Its a very recent addition that creates some exceptions to australian free speech protections under the guise of combatting anti-semitism. Basically just the Israel lobby getting their personal laws.

[-] Zagorath@aussie.zone 21 points 4 days ago

Australia's constitution has been interpreted by our High Court to contain an implied right to freedom of political communication. Restrictions on that right may be constitutional if they are (1) for a valid purpose and are (2) narrowly targeted towards that purpose.

The law she was arrested under was only passed by the Queensland state Parliament earlier this week (or late last week? I forget). It is definitely going to face constitutional challenge, and there is a very good chance it is ruled struck down. This is because the law literally outlaws two specific phrases from one side of a political issue, and is likely to be seen as stifling free flow of political discourse, rather than being a more "content-neutral" law.

This article, written by a constitutional scholar, gives some great insight: https://www.theguardian.com/commentisfree/2026/mar/08/the-lnps-phrase-banning-law-is-wide-open-to-constitutional-attack-is-it-a-victory-for-the-people-or-a-smart-political-play

[-] nevetsg@aussie.zone 21 points 4 days ago

We have a lot of laws and legal interpritation, but it isnt written into our constitution like the US.

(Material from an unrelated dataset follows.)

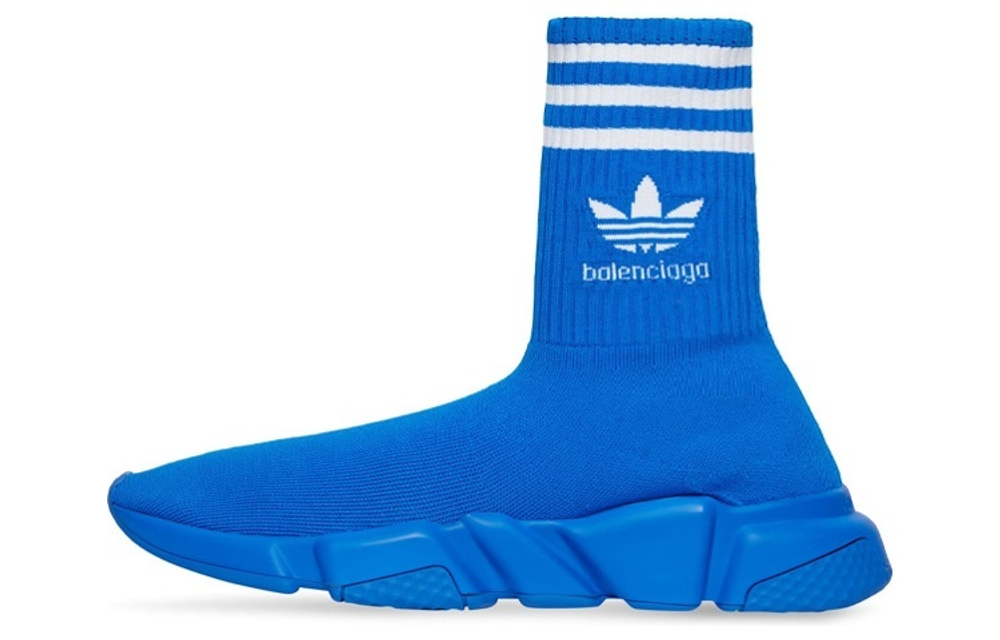 Кроссовки Adidas Originals X Balenciaga Speed 1.0 Speed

[-] joelfromaus@aussie.zone 22 points 4 days ago

Pollies like to say free speech is “implied” when it supports them and point out that it’s not a right when it doesn’t support them.

It’s a funny ol’ system.

[-] NigelFrobisher@aussie.zone 1 points 2 days ago

It’s about the vibe.

[-] ForgottenUsername@lemmy.world 5 points 4 days ago* (last edited 4 days ago)

In short our constitution is boring.

There will be states, federal government will do this, states do everything else

Separation of powers, there will be a crown, legislative (parliamentary), executive (public service) and judicial (courts).

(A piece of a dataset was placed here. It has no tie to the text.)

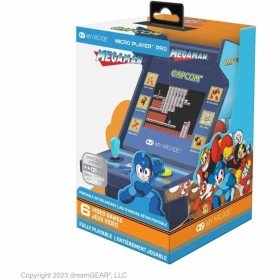 Console Fisher Price MY FIRST GAME CONSOLE | Tienda24 - Global Online Shop Tienda24.eu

Then how to alter the constitution and add the ability to annex new Zealand and that's pretty much a wrap. Nothing fancy like yous have.

Edit, forgot consolidated revenue

[-] fizzle@quokk.au 8 points 4 days ago

It's complicated.

It's not a constitutional right.

However, there's a lot of case law that supports the rights of citizens to express their thoughts about governments. All levels all processes, with the exception of sedition, treason, national security, et cetera.

We do have strong defamation laws. There was a case a few years ago where a politician was found to have been "defamed" by another politician with respect to comments that were made.

We also have recently strengthened hate speech laws, which is the issue in this specific picture.

Finally spreading information that might compromise national security, and publications showing violence or other offensive content.

In practice, I expect that the situation is similar to what it was in pre-Trump America. However, it's true that in theory the government could pass a law saying you're not allowed to say anything bad about the government.

10 years ago any self respecting American would have pointed out how inferior our system is and that we don't have any rights or freedoms. I feel like that imbalance has shifted however.

[-] SeductiveTortoise@piefed.social 5 points 4 days ago

There are limits to it even in the us for example if you say something slightly offending about the president.